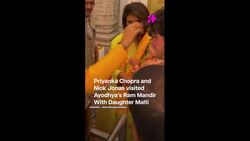 Priyanka Chopra Asks Malti Marie To Say ‘Ayodhya’ As They Visit Ram Mandir With Nick Jonas News Clip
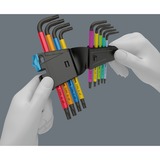 Wera 967 SL/9 Multicolour, Destornillador Juego de llaves acodadas TORX® HF con función de sujeción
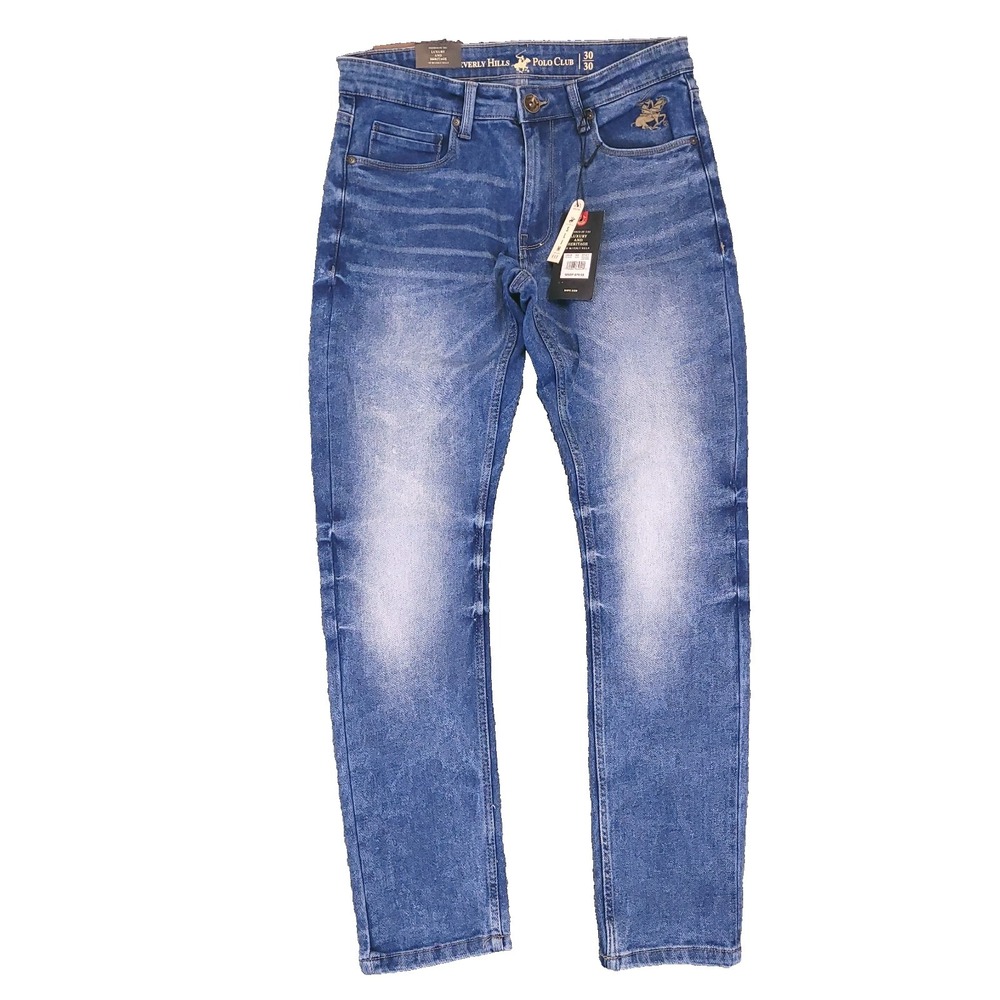 NWT Beverly Hills‎ Polo Club Jeans Mens 30x30 Slim Modern Stretch Tapered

To do: From the first line above through the line containing "Wera 967 SL/9", copy everything exactly, without the pictures.

Answer box:
 Priyanka Chopra Asks Malti Marie To Say ‘Ayodhya’ As They Visit Ram Mandir With Nick Jonas News Clip
 Wera 967 SL/9 Multicolour, Destornillador Juego de llaves acodadas TORX® HF con función de sujeción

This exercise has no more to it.